ROI = (time + money spent to create + support an offer) – (time + money received for an offer)

How do you subtract time? You put a dollar value on it. Your time might be worth $100/hour or $500/hour or $10,000/hour. Let’s get something straight here, though: YOUR. TIME. IS. $$$. You are not free. If you’re not already paying yourself a decent salary, this is your sign that it’s time to start. If you have a team putting their time into creating products and services, you can use their salary to determine the hourly rate.

I want to call out here that you need to include the cost of what it takes to support your offers.

Scenario: Your product is incredibly financially profitable but it requires you to have a team of 10 full-time people to support it. Your financial profit of the sale of the product is wiped out by the cost of the support – and your time is probably taxed managing a support team, which is a lot of people and outside your zone of genius. In this scenario, your options are:

  1. Stop offering that product

  2. Find a way to reduce the cost of producing that product

  3. Find a way to change that product so it doesn’t require as much support

  4. Outsource the support to a lower-cost service provider

  5. Offer the support at an additional cost

  6. Charge more for that product

The ROI on your offers should be either bringing you more money or time, or moving you strategically toward your goals.

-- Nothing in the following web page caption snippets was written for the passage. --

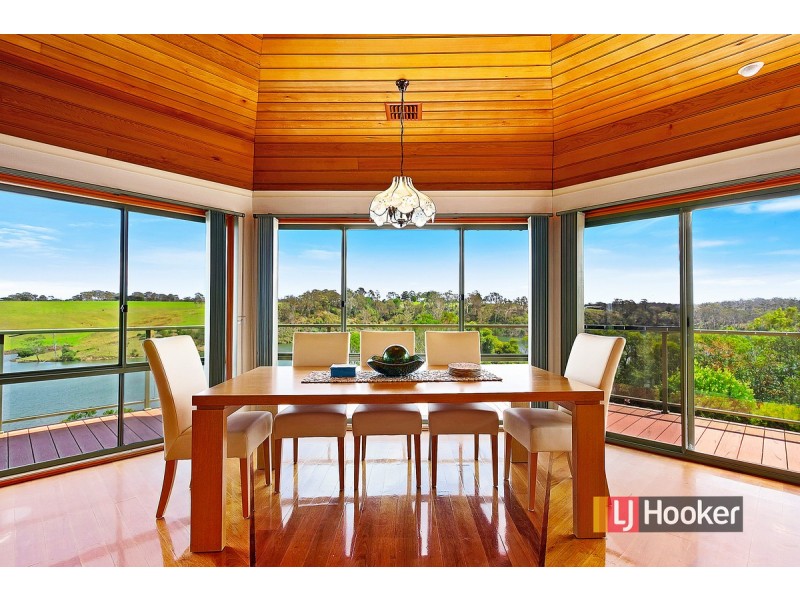 109 Capes Road, Lakes Entrance VIC 3909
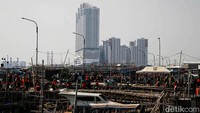 Dalam aksi tersebut, sekitar 50 meter kubik sampah berhasil ditangani petugas secara manual menggunakan keranjang atau dengan mesin ekskavator amfibi. Namun, aksi bersih-bersih sampah itu belum selesai.  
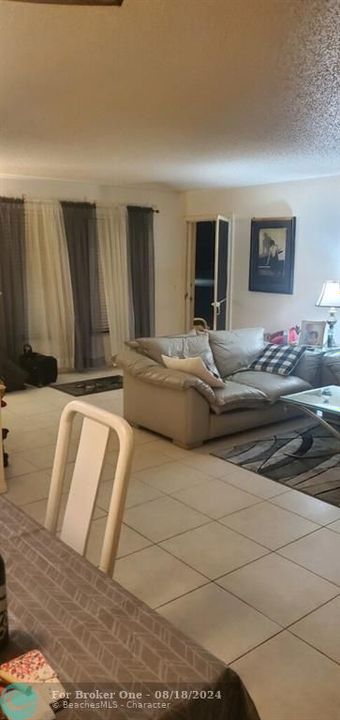 En Venta: $159,000 (1 camas, 1 baños, 1122 Pies cuadrados)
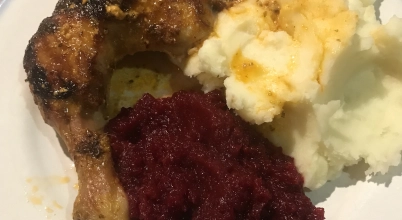 Kurczak pieczony z ziemniakami i buraczkami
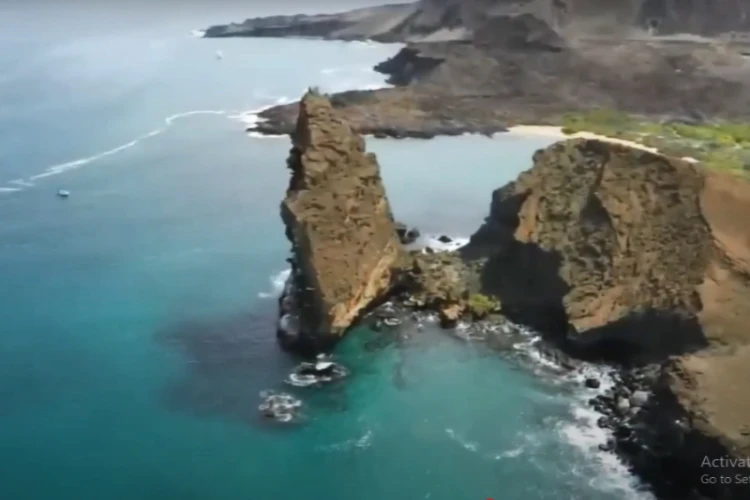 Ket Foto Kepulauan Galapagos dengan Keindahan yang Memikat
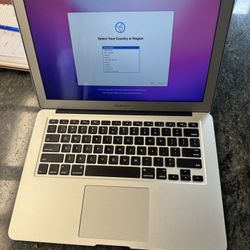 MacBook Air 13” (Early 2015) – Intel i5 / 8GB RAM / 121GB SSD – Reset, Ready to Use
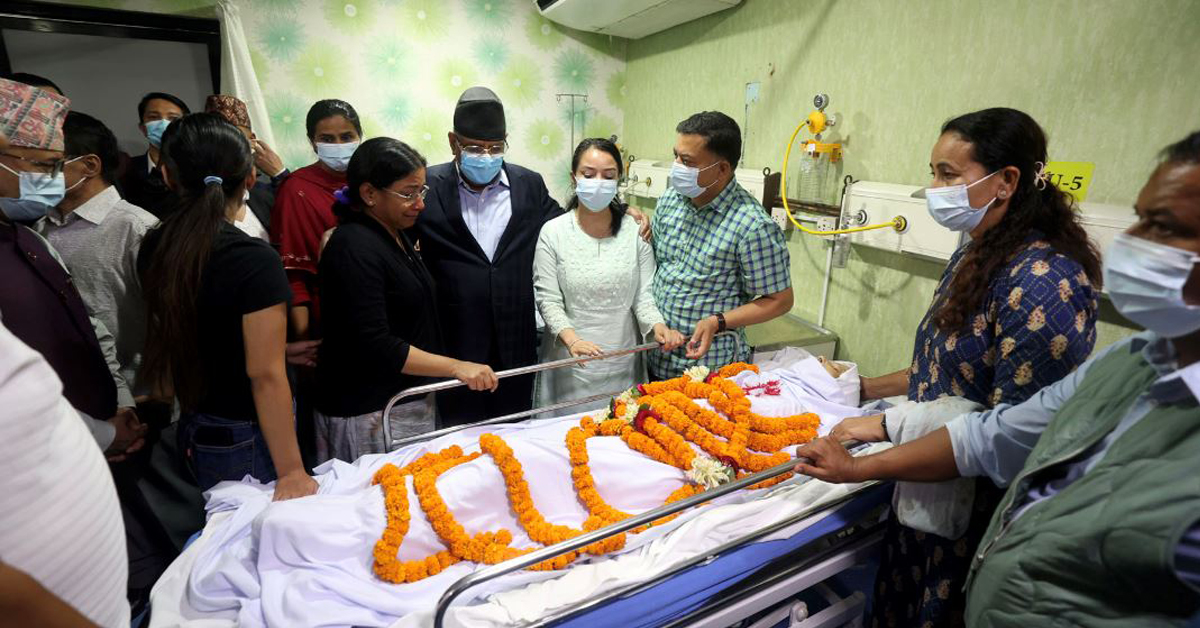 दुई छोरीलाई अंगालो हाल्दै भावविह्वल अवस्थामा प्रधानमन्त्री प्रचण्ड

Scenario: Your service is making decent money, but you have to show up - in person - 40+ hours per week to get paid what you want. You also are currently only working with clients you were able to pull over from your last job, but they drain your energy and you often think about quitting. Your financial profit isn’t worth the time it takes you to provide it, and is not moving you closer to your goal of working only with women making 6-figures or more. In this scenario, your options are:

  1. Stop offering that service

  2. Find a way to provide that service in a group setting to reduce the time it takes you to deliver it

  3. Limit the spots available for that service and use your newly freed up time to work on creating a service that’s more in alignment with your goals

  4. Hire someone to provide that service while you spend your time with only the clients you want to be working with

  5. Charge more for that service so you can make the same amount of money with less of a time investment

A note on prices: The prices for your offers don’t need to just be a comfy margin above the costs. They need to represent the value that your offers provide. Will your software 10x revenue for your customer? Then your offer should be priced to acknowledge the massive financial return your customer will get. Will your mind-blowing tattoo skills bring countless compliments and priceless joy to your customer? Then your offer should be priced to reflect an investment worthy of that joy. Don’t underestimate your value.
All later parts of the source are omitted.